Forty years ago, a newly elected President Ronald Reagan spoke to a joint session of Congress, calling for deep cuts in federal spending. "In this present crisis, government is not the solution to our problem," Reagan had said at his inauguration. "Government is the problem."
Twenty-five years ago, then-President Bill Clinton spoke to a similar session of Congress and confessed that he had overestimated the public's appetite for federal programs. "We have to give the American people [an administration] that lives within its means," he said. "The era of big government is over."
This evening, Joe Biden will address Congress for the first time in his presidency and disavow those declarations, making the case for the first time in decades that government spending must be sharply expanded to meet the nation's needs.
"This is not a plan that tinkers around the edges," Biden said last month. "It is a once-in-a-generation investment," including "the largest American jobs [program] since World War II" — and that's only one-third of his package.

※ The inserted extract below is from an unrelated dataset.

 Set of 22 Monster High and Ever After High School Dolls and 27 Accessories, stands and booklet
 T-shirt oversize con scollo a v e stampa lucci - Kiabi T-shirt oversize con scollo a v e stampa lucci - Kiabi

The dollar figures are staggering. Biden's initial emergency plan for relief from the COVID-19 pandemic cost $1.9 trillion and squeaked through Congress without a vote to spare. The second slice, his jobs-and-infrastructure package, would total an estimated $2.3 trillion if Congress passes it as proposed. His newest proposal, a long list of priorities in health, education, child care and family leave, could cost an additional $1.8 trillion. If Congress approves all that spending — a big if — the total will approach $6 trillion.
The boldest, most ambitious goal is Biden's underlying aim: He's reversing the Reagan Revolution. Beyond taming the coronavirus and reviving the economy, he hopes to perpetuate, or at least prolong, a sea change in public opinion: He aims to make big government popular again.
More substantively, he hopes to revive what former Clinton aide William A. Galston has called the "liberal democratic bargain," the idea that governments win legitimacy when they produce not just soaring stock markets, but rising incomes and a growing middle class.
"It's a basic question," Biden said last month. "Can democracies still deliver for their people?"